Recent works in machine translation and conditional image generation with convolutional networks have shown benefits in overcoming the above-mentioned issues. Inspired by their success, the authors use convolutional networks for image captioning.

Convolutional Approach

Convolutional Model for Image Captioning.

The above image shows the architecture for the convolutional approach. The token “<S>” is added to mark the beginning of the sentence, and the token “<E>” to signal the end of the sentence. The words from ground truth go through four steps:

(1) They’re transformed into vectors through an embedding layer,
(2) combined with image features,
(3) processed by a CNN, and
(4) output probabilities for each word.

Here’s a breakdown of each step:

  1. Input Embedding: An embedding layer is trained from scratch over one-hot encoded input words. The words are embedded in 512-dimensional vectors.
  2. Image Embedding: Image features come from the VGG16 network, which is trained on ImageNet. Then, these features are adjusted to be 512-dimensional for consistency.
  3. CNN Module: The combined input and image vectors undergo three layers of convolutions. For better performance, they use gated linear unit (GLU) activations, including weight normalization, residual connections, and dropout.
  4. Output Embedding: After processing by the CNN module, the output embedding layer produces output probability distributions for each word in the caption.
  5. Classification Layer: After convolution, they use a linear layer further to encode the vectors into a 256-dimensional representation per word. This is then expanded to a |Y|-dimensional (|Y|=9221) activation through a fully connected layer and passed through a softmax to determine the output word probabilities.

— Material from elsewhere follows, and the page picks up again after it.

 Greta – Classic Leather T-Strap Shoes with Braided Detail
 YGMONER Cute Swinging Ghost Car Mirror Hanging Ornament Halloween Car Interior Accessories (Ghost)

The cross-entropy loss is used during training to adjust the network’s parameters, fine-tune the VGG16 network after 8 epochs, and optimize the model using RMSProp with a learning rate of 5e−5, decreasing it by a factor of .1 every 15 epochs.

Dataset.

MS COCO dataset is used in this paper to train the model.

  • 113287 training images
  • 5000 validation images
  • 5000 testing images

Results

CNN achieves comparable performance to the LSTM baseline.

Comparison of different methods on standard evaluation metrics

Captions generated by CNN are comparable to the LSTM and ground-truth caption. In the examples below, CNN can describe things like black and white photos, polar bear/white bowl, number of bears, signs in the donut image, which LSTM fails to do. CNN and LSTM captions are of similar quality.

Captions generated by our CNN are compared to the LSTM and ground-truth caption.

Because CNN is not sequential like LSTM, we can see a faster per-parameter rate for training per epoch.

CNN training loss is higher than LSTM, but its word accuracy is better on training data; on validation data, the difference between accuracies is very small (~1%)

Conclusion

  • Performance: The convolutional image captioning approach performs comparably to LSTM-based methods on the MSCOCO dataset.
  • Analysis: Convolutional networks produce more diverse predictions and have better classification accuracy without suffering from vanishing gradients.
  • Training Efficiency: Convolutional models can be trained faster per parameter than LSTMs due to their non-sequential nature.

The study concludes that convolutional approaches are a viable alternative to LSTM for image captioning tasks, offering comparable performance and certain advantages in training and diversity of predictions.